§ Requirement
Exact wording is required for every entry; transcribe all of them and leave the images out.

(Scraped caption text data)

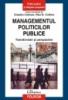 Managementul politicilor publice.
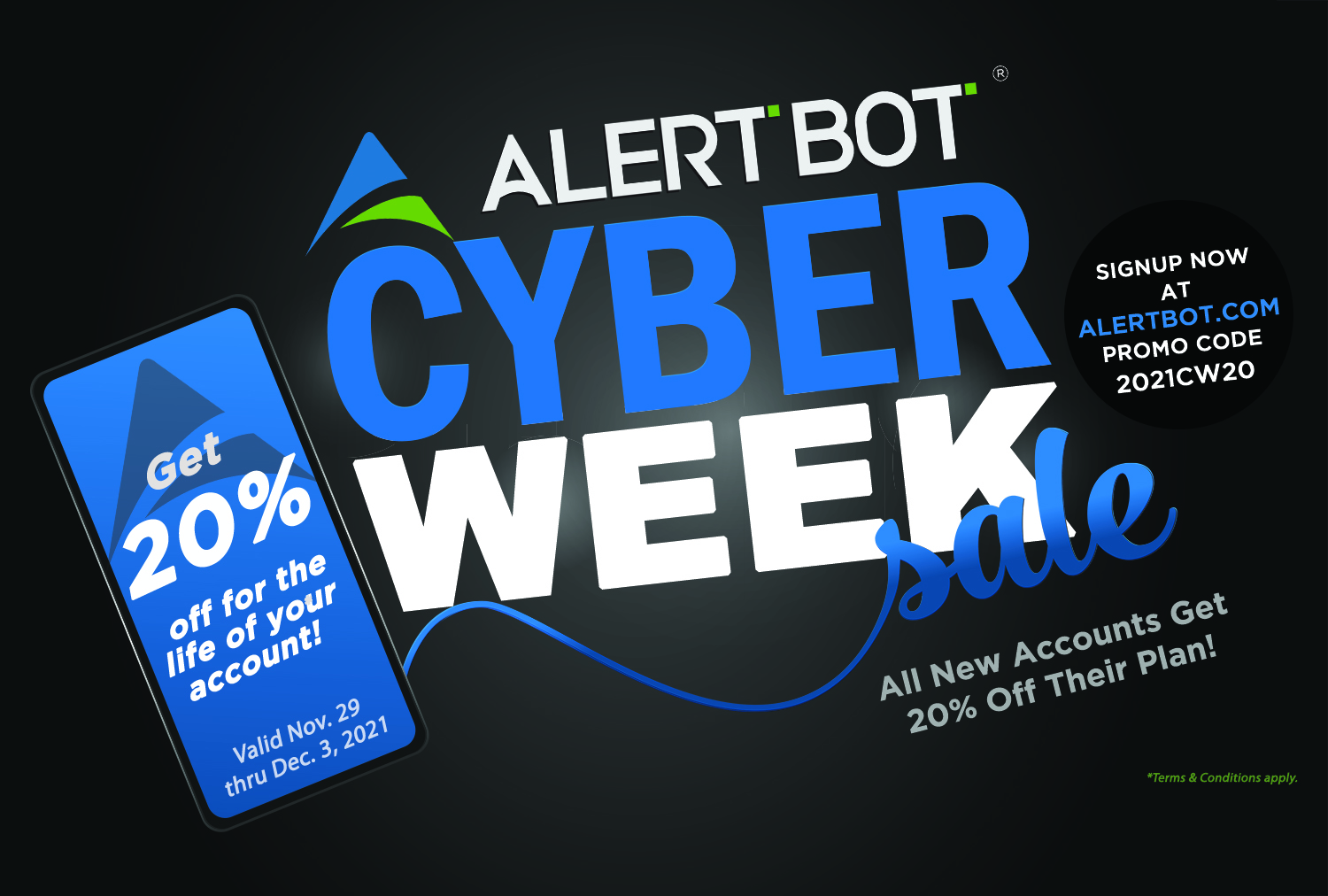 Graphic that features a cellphone screen and big words saying "AlertBot Cyber Week Sale." Get 20% off for the life of your account! Signup now at AlertBot.com. Promo code 2021CW20 All New Accounts Get 20% off their plan!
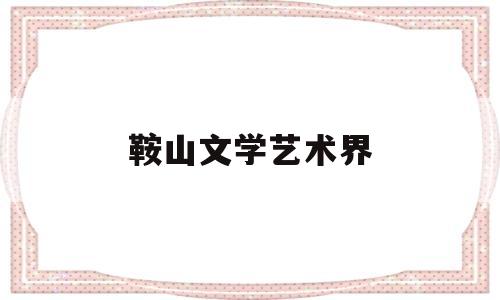 鞍山文学艺术界(鞍山文学艺术界协会会长)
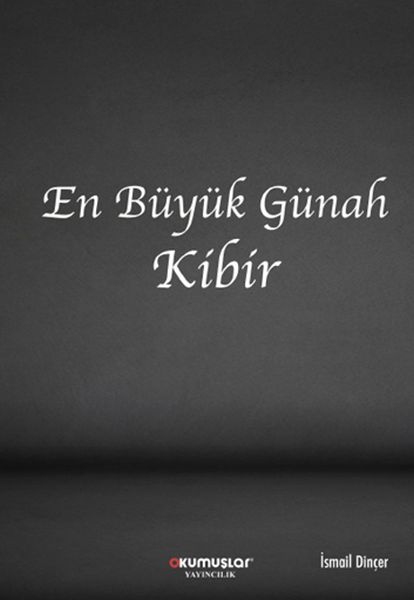 en-buyuk-gunah-kibir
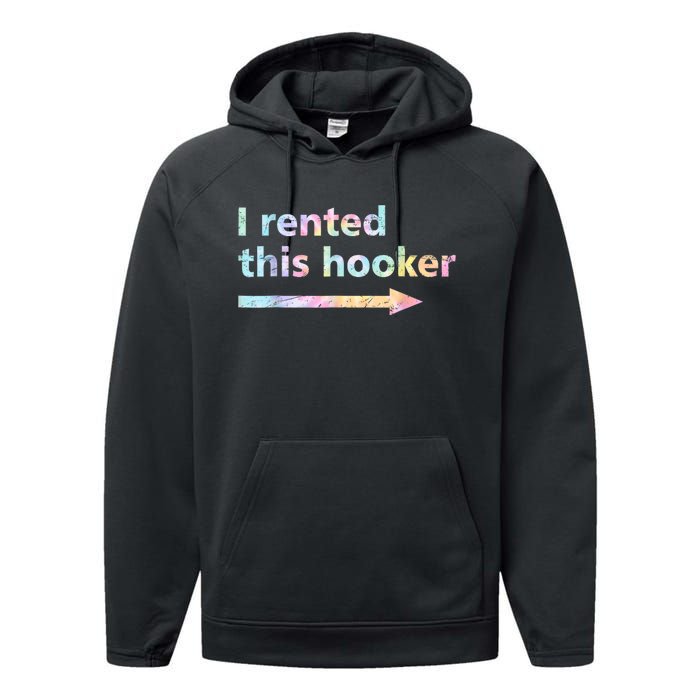 I Rented This Hooker Funny Adult Humor Sa Tie Dye Performance Fleece Hoodie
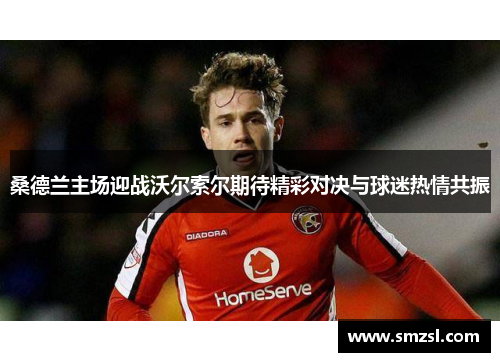 桑德兰主场迎战沃尔索尔期待精彩对决与球迷热情共振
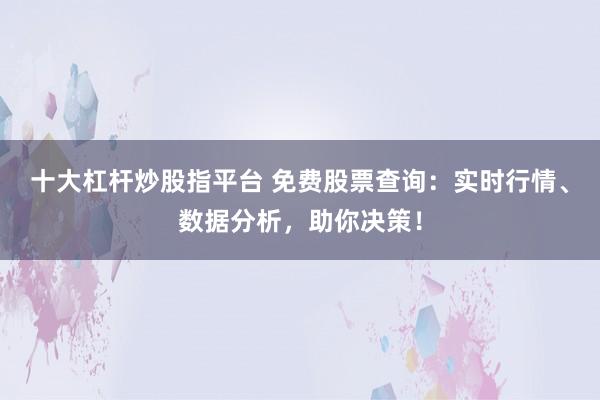 十大杠杆炒股指平台 免费股票查询：实时行情、数据分析，助你决策！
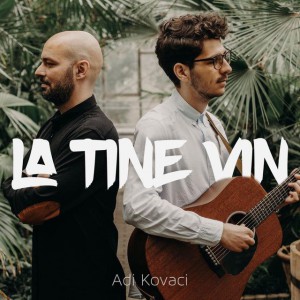 Adi Kovaci - La Tine Vin (2018)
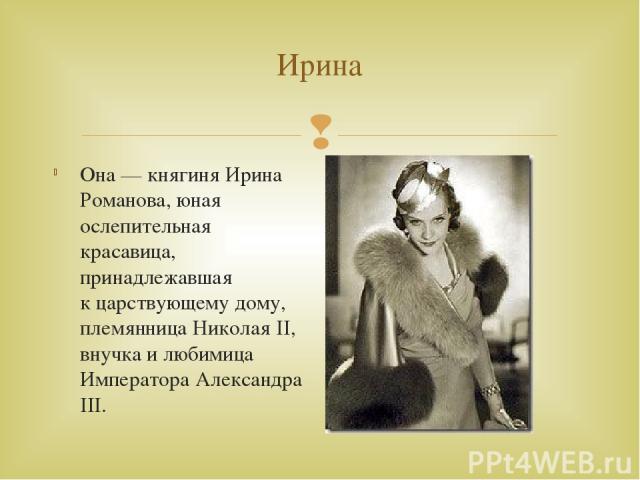 Ирина Она — княгиня Ирина Романова, юная ослепительная красавица, принадлежавшая к царствующему дому, племянница Николая II, внучка и любимица Императора Александра III.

§ Solution for this exercise
 Managementul politicilor publice.
 Graphic that features a cellphone screen and big words saying "AlertBot Cyber Week Sale." Get 20% off for the life of your account! Signup now at AlertBot.com. Promo code 2021CW20 All New Accounts Get 20% off their plan!
 鞍山文学艺术界(鞍山文学艺术界协会会长)
 en-buyuk-gunah-kibir
 I Rented This Hooker Funny Adult Humor Sa Tie Dye Performance Fleece Hoodie
 桑德兰主场迎战沃尔索尔期待精彩对决与球迷热情共振
 十大杠杆炒股指平台 免费股票查询：实时行情、数据分析，助你决策！
 Adi Kovaci - La Tine Vin (2018)
 Ирина Она — княгиня Ирина Романова, юная ослепительная красавица, принадлежавшая к царствующему дому, племянница Николая II, внучка и любимица Императора Александра III.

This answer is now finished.